_Goal of the exercise_
From the line that holds "獵貍尖步道連走烏塗溪步道登山" to the end of the records, reproduce every line exactly. No pictures.
== Segment start ==
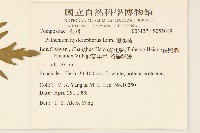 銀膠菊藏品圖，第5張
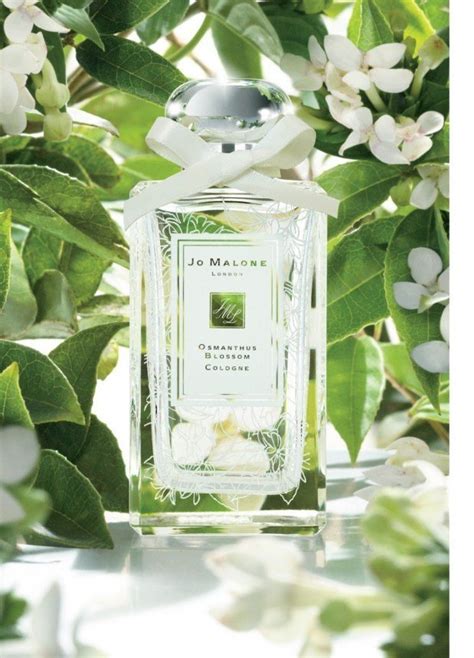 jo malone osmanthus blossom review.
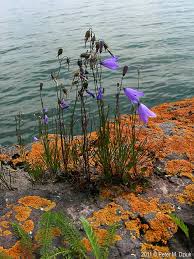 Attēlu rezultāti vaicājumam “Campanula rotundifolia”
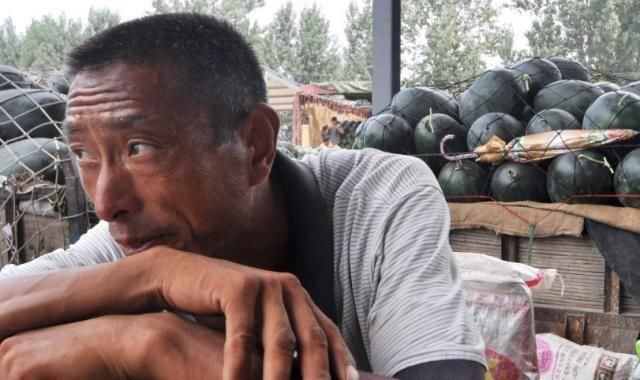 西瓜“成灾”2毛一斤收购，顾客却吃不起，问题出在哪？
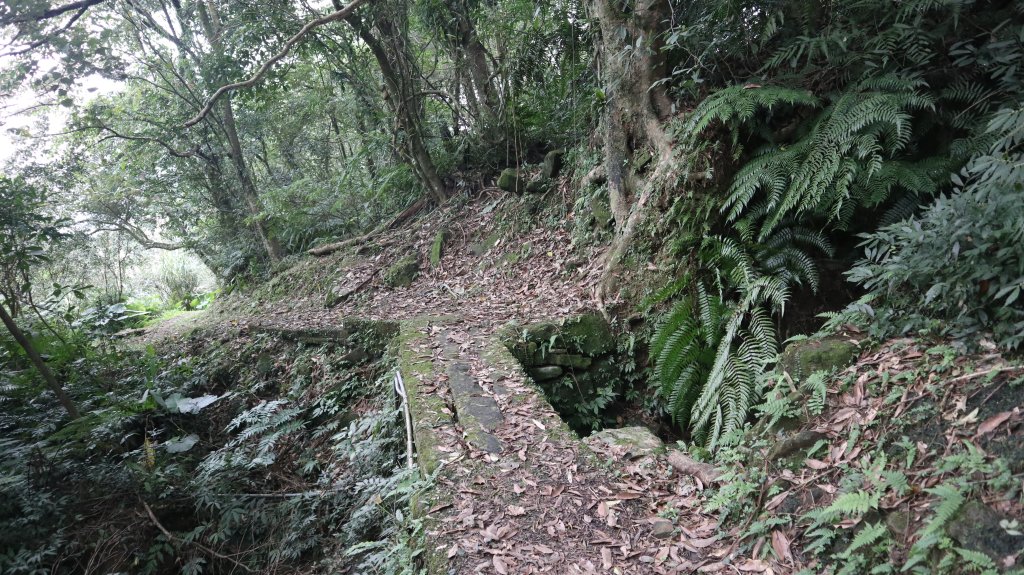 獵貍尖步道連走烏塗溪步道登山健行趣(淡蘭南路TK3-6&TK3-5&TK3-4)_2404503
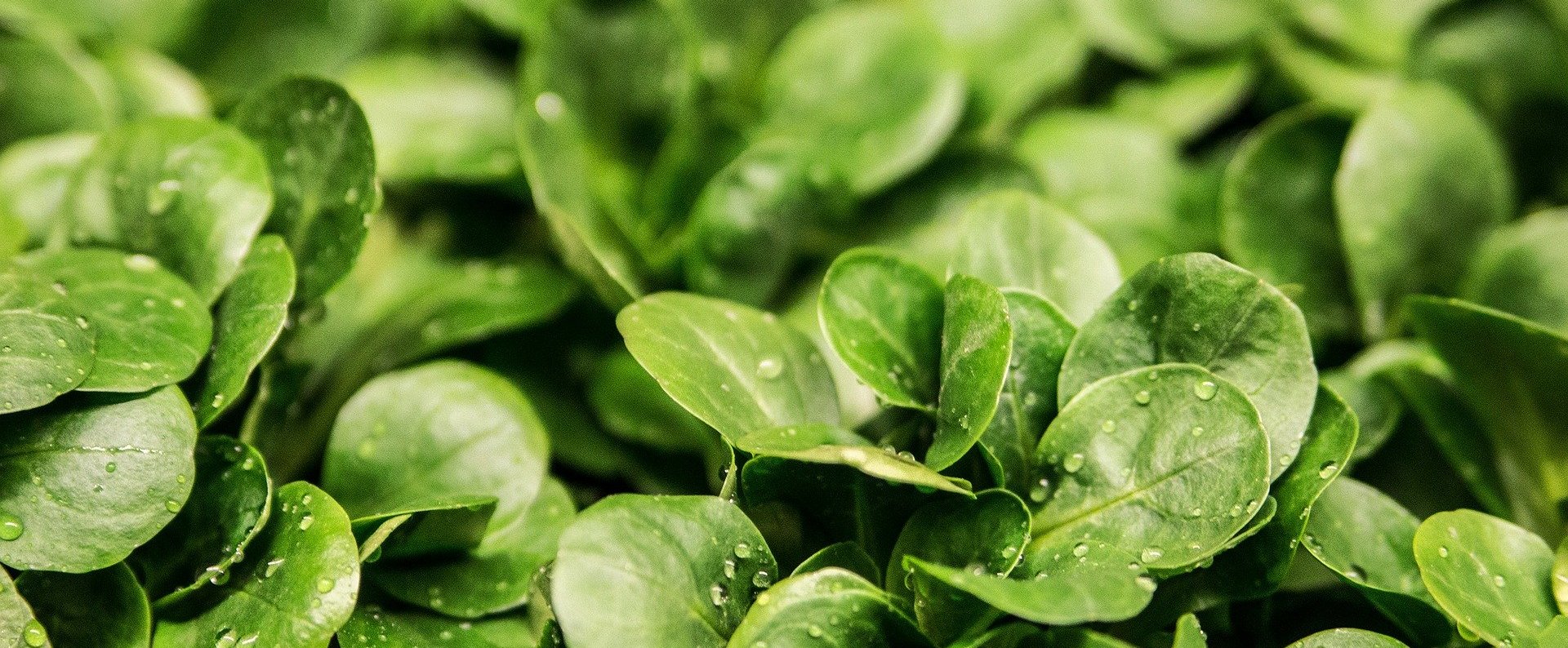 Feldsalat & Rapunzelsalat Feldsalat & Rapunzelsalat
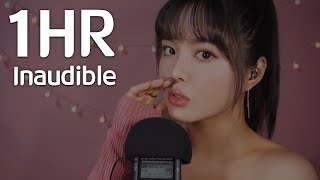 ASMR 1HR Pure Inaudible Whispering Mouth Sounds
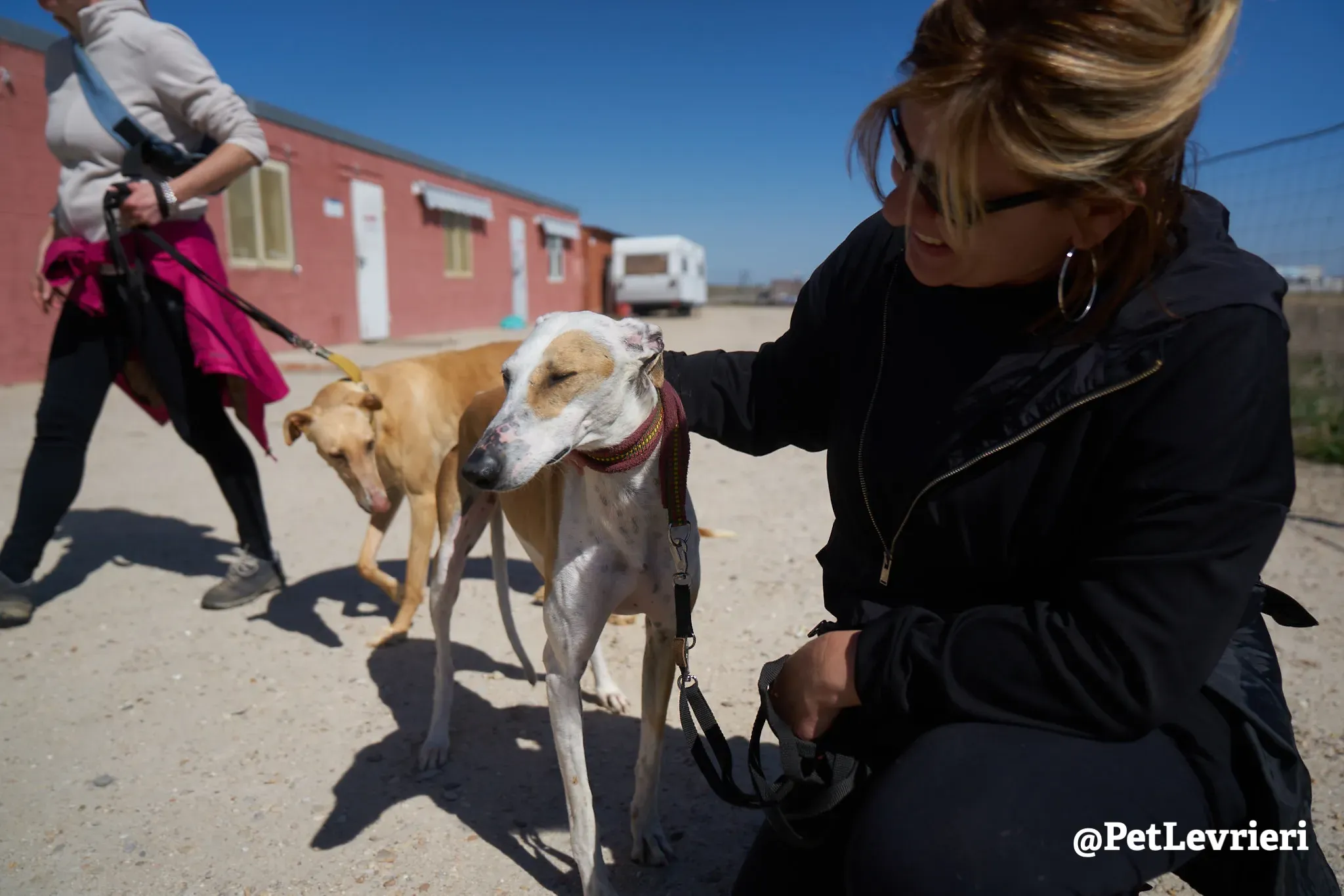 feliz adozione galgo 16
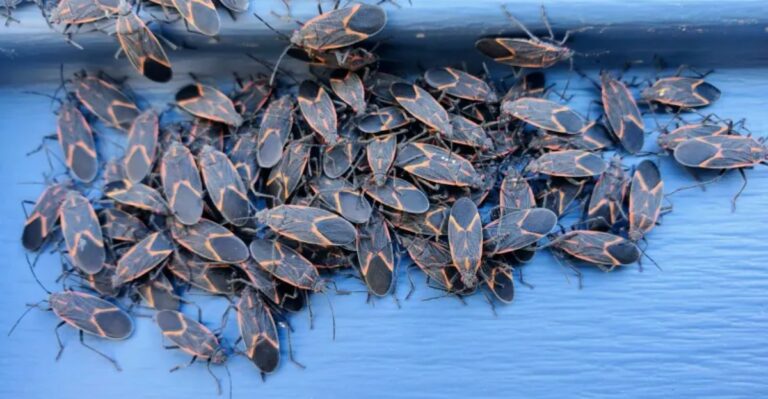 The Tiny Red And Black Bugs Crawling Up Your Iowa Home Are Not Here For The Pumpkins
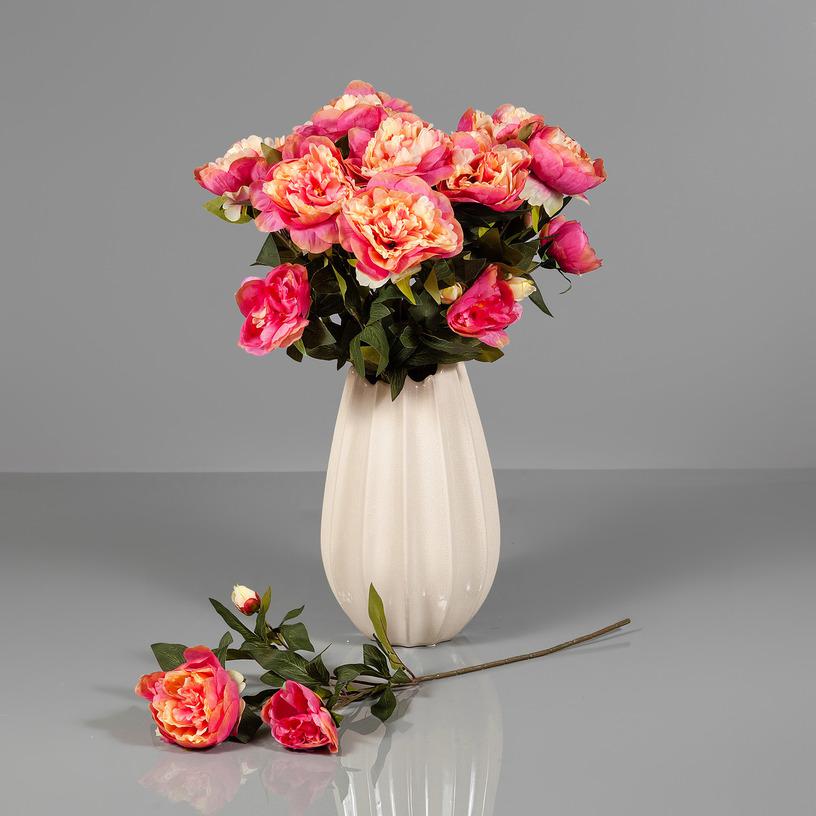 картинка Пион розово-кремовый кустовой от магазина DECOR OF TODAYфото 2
== Segment end ==
_Response to the exercise_
 獵貍尖步道連走烏塗溪步道登山健行趣(淡蘭南路TK3-6&TK3-5&TK3-4)_2404503
 Feldsalat & Rapunzelsalat Feldsalat & Rapunzelsalat
 ASMR 1HR Pure Inaudible Whispering Mouth Sounds
 feliz adozione galgo 16
 The Tiny Red And Black Bugs Crawling Up Your Iowa Home Are Not Here For The Pumpkins
 картинка Пион розово-кремовый кустовой от магазина DECOR OF TODAYфото 2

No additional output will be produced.